Quakers in the World

Quakers in the World

Quakers in Costa Rica

The small Quaker community in Costa Rica was founded in 1951 by a group of eleven Quaker families from Alabama. Four young Friends had recently been jailed for refusing to serve in the Korean War and the families were seeking somewhere they could live in peace.

Hubert Mendenhall travelled overland by truck from the US, looking for suitable land for the group to settle, eventually arriving in Costa Rica.  The country had just abolished its army and the government was encouraging foreigners to come and develop the land. Once Mendenhall found Monteverde in the centre of the country, which was then accessible only by ox cart, he knew he had found what they were looking for.
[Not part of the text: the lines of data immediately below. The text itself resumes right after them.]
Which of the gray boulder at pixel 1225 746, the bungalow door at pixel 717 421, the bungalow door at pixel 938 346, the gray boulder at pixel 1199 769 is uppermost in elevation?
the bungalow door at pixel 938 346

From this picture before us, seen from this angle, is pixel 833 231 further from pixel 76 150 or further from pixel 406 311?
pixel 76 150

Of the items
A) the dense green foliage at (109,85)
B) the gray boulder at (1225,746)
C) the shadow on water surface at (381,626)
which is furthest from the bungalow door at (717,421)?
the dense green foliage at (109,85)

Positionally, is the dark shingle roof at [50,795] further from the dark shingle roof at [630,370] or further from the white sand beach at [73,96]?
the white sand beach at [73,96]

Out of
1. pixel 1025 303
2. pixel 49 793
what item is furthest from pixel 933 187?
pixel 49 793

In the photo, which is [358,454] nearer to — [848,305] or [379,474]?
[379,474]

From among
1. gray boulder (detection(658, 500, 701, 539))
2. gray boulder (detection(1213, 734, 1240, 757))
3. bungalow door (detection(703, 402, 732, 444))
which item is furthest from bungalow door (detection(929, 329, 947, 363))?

The families purchased 1500 hectares of land, which was divided between the families. Each family then built their own house, with the community holding “house raising bees” to set the foundations and raise the heavy frames.
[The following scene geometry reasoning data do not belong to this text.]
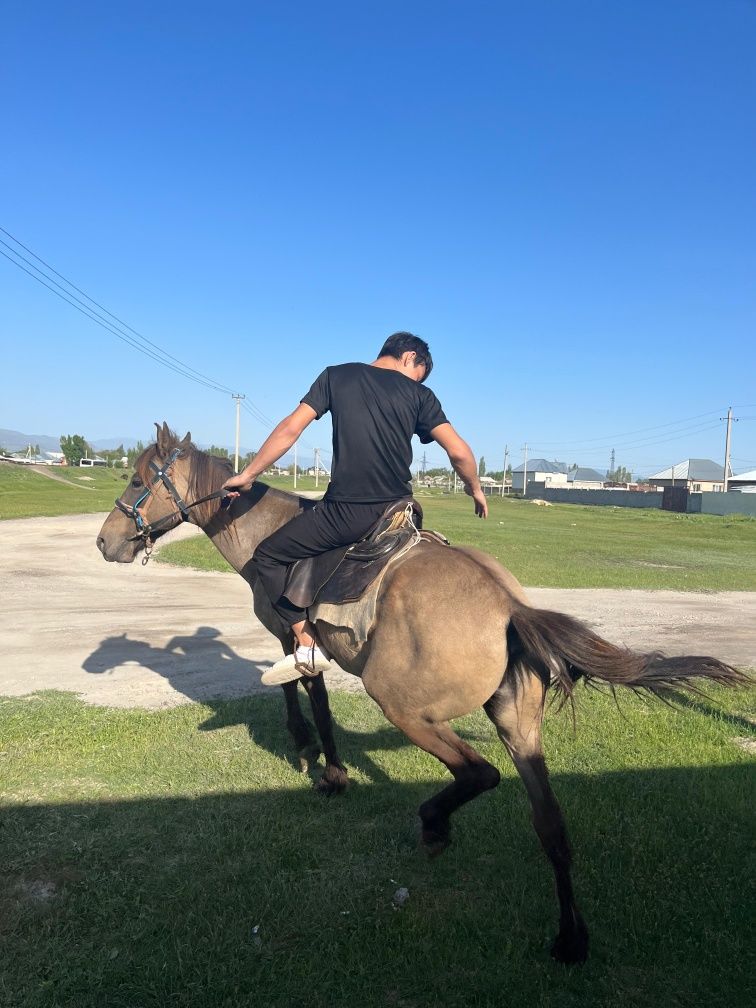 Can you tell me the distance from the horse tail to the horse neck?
2300 mm

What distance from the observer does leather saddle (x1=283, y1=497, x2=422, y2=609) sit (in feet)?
13.4

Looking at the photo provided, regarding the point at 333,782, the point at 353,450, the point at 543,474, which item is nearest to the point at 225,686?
the point at 333,782

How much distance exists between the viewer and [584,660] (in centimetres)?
357

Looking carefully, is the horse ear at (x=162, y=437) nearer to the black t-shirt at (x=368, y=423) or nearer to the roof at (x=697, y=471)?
the black t-shirt at (x=368, y=423)

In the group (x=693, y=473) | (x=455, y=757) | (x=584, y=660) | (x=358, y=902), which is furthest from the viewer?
(x=693, y=473)

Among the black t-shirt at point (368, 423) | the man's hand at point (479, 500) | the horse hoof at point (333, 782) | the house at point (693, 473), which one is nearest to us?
the black t-shirt at point (368, 423)

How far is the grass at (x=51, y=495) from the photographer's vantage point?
31219 millimetres

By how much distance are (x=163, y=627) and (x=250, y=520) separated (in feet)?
20.3

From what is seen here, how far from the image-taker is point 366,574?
408cm

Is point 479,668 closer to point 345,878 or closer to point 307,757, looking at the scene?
point 345,878

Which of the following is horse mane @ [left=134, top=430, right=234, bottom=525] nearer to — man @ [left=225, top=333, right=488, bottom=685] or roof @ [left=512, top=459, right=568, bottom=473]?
man @ [left=225, top=333, right=488, bottom=685]

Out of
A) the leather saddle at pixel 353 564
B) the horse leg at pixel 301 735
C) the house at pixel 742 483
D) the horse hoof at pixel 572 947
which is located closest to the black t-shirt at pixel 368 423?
the leather saddle at pixel 353 564

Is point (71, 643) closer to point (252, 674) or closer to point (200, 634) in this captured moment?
point (200, 634)

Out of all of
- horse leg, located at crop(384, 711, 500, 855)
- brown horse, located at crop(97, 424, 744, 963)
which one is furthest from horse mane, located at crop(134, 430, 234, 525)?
horse leg, located at crop(384, 711, 500, 855) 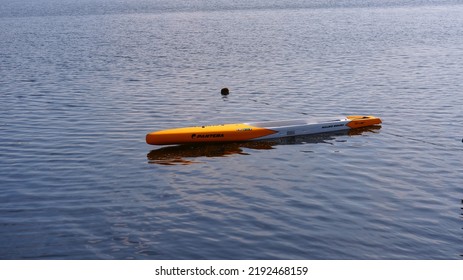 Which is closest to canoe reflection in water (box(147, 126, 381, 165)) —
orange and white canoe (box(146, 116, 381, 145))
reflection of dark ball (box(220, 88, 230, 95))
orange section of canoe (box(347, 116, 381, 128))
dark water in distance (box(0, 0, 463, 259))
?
dark water in distance (box(0, 0, 463, 259))

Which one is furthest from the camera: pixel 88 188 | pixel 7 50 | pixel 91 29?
pixel 91 29

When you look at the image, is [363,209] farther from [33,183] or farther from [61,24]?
[61,24]

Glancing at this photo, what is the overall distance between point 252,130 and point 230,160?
3286mm

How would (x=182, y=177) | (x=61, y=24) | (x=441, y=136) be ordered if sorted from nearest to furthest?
1. (x=182, y=177)
2. (x=441, y=136)
3. (x=61, y=24)

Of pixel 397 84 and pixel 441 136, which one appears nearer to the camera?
pixel 441 136

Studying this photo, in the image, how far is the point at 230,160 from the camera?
27422 millimetres

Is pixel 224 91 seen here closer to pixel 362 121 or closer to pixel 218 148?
pixel 362 121

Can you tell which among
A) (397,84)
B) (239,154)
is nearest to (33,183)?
(239,154)

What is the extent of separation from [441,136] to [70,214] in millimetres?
18735

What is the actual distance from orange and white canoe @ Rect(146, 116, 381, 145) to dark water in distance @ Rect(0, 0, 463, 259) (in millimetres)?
509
Soon after, they set up Monteverde Friends School, completing the main school building in 1957.  Today it is a bilingual school serving the local community – both Quakers and local Costa Ricans - from pre-school through to high school.

Part of the land the Quakers purchased was used to set up a dairy farm, and the Monteverde Cheese Factory, which today produces over a ton of cheese a day. However, the community also made the far-sighted decision to set aside an area on the mountain slopes as virgin cloud forest – high altitude forest cooled by moist air from the Pacific.  In the early 1970s, when scientist George Powell began buying up land to prevent forest clearance, this land became the kernel of the newly established the Monteverde Cloud Forest Reserve, now an international model for conservation. Wolf Guindon, one of the original Quaker settlers, was among the leaders of these pioneering conservation efforts.
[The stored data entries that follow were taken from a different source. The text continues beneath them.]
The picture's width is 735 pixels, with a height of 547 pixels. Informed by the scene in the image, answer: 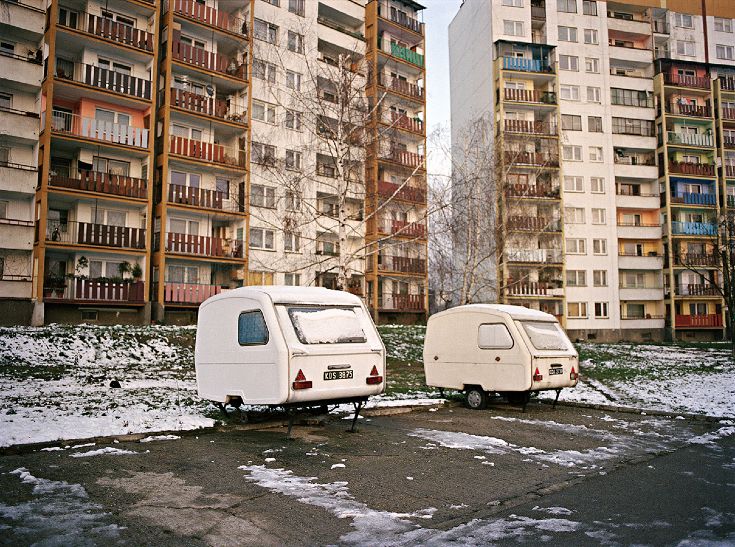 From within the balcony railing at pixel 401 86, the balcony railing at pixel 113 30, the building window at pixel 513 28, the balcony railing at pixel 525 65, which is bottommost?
the balcony railing at pixel 113 30

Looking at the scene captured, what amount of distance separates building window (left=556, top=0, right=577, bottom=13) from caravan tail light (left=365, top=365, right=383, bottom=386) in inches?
2236

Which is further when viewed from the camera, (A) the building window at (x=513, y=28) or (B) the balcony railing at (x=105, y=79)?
(A) the building window at (x=513, y=28)

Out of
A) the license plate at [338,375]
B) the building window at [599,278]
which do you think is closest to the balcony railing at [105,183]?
the license plate at [338,375]

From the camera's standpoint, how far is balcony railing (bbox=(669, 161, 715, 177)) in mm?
58000

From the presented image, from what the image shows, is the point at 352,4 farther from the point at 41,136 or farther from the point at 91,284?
the point at 91,284

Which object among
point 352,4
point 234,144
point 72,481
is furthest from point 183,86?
point 72,481

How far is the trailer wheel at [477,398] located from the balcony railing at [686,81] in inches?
2204

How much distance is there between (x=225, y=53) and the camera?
1570 inches

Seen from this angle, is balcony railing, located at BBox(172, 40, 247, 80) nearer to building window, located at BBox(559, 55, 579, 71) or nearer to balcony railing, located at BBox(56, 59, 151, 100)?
balcony railing, located at BBox(56, 59, 151, 100)

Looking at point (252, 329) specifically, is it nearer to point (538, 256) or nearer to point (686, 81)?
point (538, 256)

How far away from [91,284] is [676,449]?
27.5m

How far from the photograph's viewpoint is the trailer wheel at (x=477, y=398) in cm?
1388

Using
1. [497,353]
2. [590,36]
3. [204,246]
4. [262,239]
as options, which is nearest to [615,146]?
[590,36]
In 1983, at a time when many Central American countries were riven with war, Costa Rica declared its permanent neutrality.  Simultaneously, Quakers established the Centro de Amigos para la Paz (CAP), a peace centre in San Jose, to protest the human rights violations in neighbouring countries.  CAP “promotes a culture of peace and active nonviolence in Costa Rica by upholding social justice and human rights.” In the 1990s, for example, CAP ran training programmes in non-violent conflict resolution, in conjunction with Alternatives to Violence.  In 2009, they provided observers during the elections in Honduras and sent a team to investigate human rights violations during the subsequent coup.  They continue to be vocal in raising awareness of the plight of Palestinians in the Middle East. CAP also runs Casa Hostel Ridgeway, welcoming visitors from around the world.

In the 1990s, with the support of Quaker Earthcare Witness,  a network of American Friends,  the Monteverde Quakers worked with the local community to establish Finca la Bella community farming project in the San Luis Valley, an area where the land had traditionally been held by a few wealthy landowners.  Finca La Bella is a 49-hectare plot, of which half is forest preserve and the rest divided into parcels of land around one hectare each. Twenty-four local families farm the land in a traditional way, producing dairy produce and fair trade coffee and passing the skills on to their children.     Finca la Bella was founded partly in memory of Anna Kriebel, a Quaker from Ohio who worked closely with the San Luis community in the 1980s, helping to provide literacy, health care, nutrition, and an environmental conservation.

Quakers were also influential in establishing the Monteverde Institute. As well as sponsoring education and research in Monteverde, the Institute supports local community projects like Eco Bambu.  Eco Bambu is a women’s cooperative making recycled paper products such as the bags used by the local coffee farmers.